= The Horn of Roland =

Tabletop role-playing game supplement

Cover art by Dave Billman, 1984

The Horn of Roland is an adventure published by Avalon Hill in 1984 for the multi-genre role-playing game Lords of Creation.

==Description==
The Horn of Roland is designed as an introductory adventure for new players. The player characters start at a modern day science fiction convention where they are investigating a murder. Their investigation uncovers evidence of supernatural events in the world, and increasingly bizarre events happen as the characters follow the murder suspect through the Bermuda Triangle.

===Components===
The boxed set holds:
- 48-page book with the adventure
- five sheets of paper containing player aids, including local maps and a sketch of the murder scene

==Publication history==
The multi-genre role-playing game Lords of Creation published by Avalon Hill in 1984 was designed by Tom Moldvay to allow the gamemaster to create adventures in almost any genre, from fantasy to science fiction to modern espionage.
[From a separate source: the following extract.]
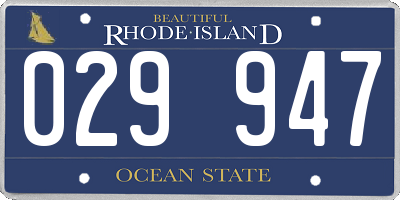 RI license plate 029947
Moldvay also planned to write five adventures to support the game, but only three were published: The Horn of Roland, The Yeti Sanction (modern-day espionage), and Omegakron (post-apocalyptic science fiction).

The Horn of Roland featured art by Dave Billman.

==Reception==
In Issue 22 of Imagine, Mike Dean was impressed and gave a strong recommendation, saying that "anyone seriously considering GMing [Lords of Creation] would be well advised to buy Horn of Roland only to see just how good an adventure can be!"

==Other recognition==
- A copy of The Horn of Roland is held in the collection of the Strong National Museum of Play (object 110.21200).
- A copy of The Horn of Roland is held in the Edwin and Terry Murray Collection of Role-Playing Games, 1972-2017 (Box BG38) at Duke University.